Every “condo project” (the entire building and the way its run) must be approved by a lender before you can get a mortgage for a specific unit. This means that the HOA rules and financial situation will be investigated, including things like the maximum single investor concentration. Many government loans are very picky about the types of “warrantable” condos they allow. If you are hoping to get a Fannie Mae, Freddie Mac, FHA, or VA mortgage, it may be more difficult to find financing for a condo purchase than on a townhouse. And if you do find a condo that meets the requirements, if you don’t put down a large down payment, you may have to pay more in fees. For example, Fannie Mae charges an extra 0.75% fee to the mortgage interest rate on condos if the loan-to-value ratio is higher than 75%. (However, if your loan is for 15 years or less, the fee does not apply.)
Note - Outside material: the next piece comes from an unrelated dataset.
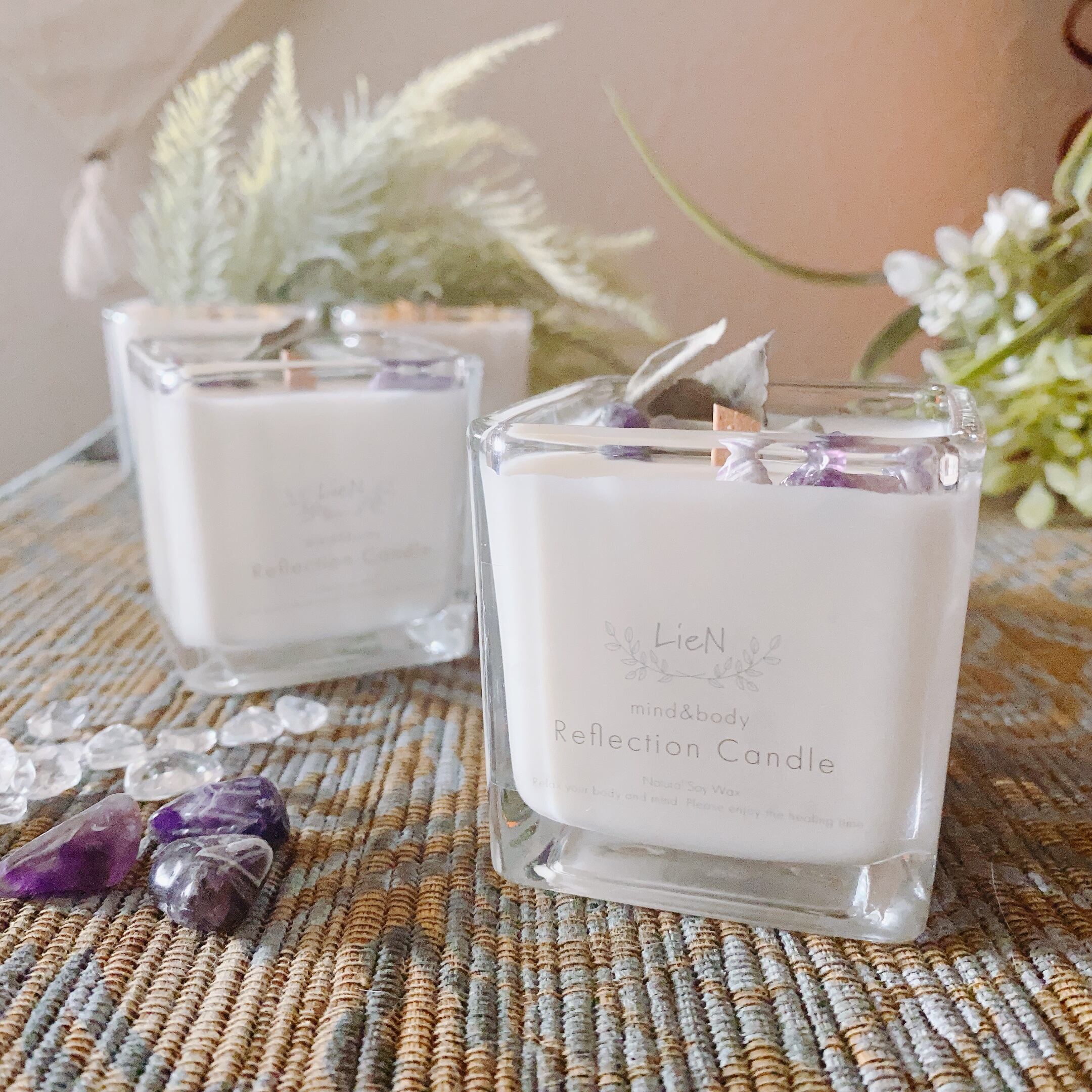 Ao（アオ）】アメジスト＆ホワイトセージ 木芯 ウッドウィック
Mortgages can be easier to obtain with townhouses because they are often considered a type of property rather than a form of ownership. They are often part of a Planned Unit Development (PUD), which means the townhouses are treated like single-family residences for the mortgage's sake. These loans usually come with better rates and terms than condo loans. Government-backed mortgages like FHA and VA usually have less stringent qualifications on townhouses.
Sometimes though, because they are often an attached housing type with HOAs they can also be defined by lenders as an attached condo and could be subject to similar rules and eligibility. Ask your real estate agent to dig into the details of how the property is defined before you make an offer.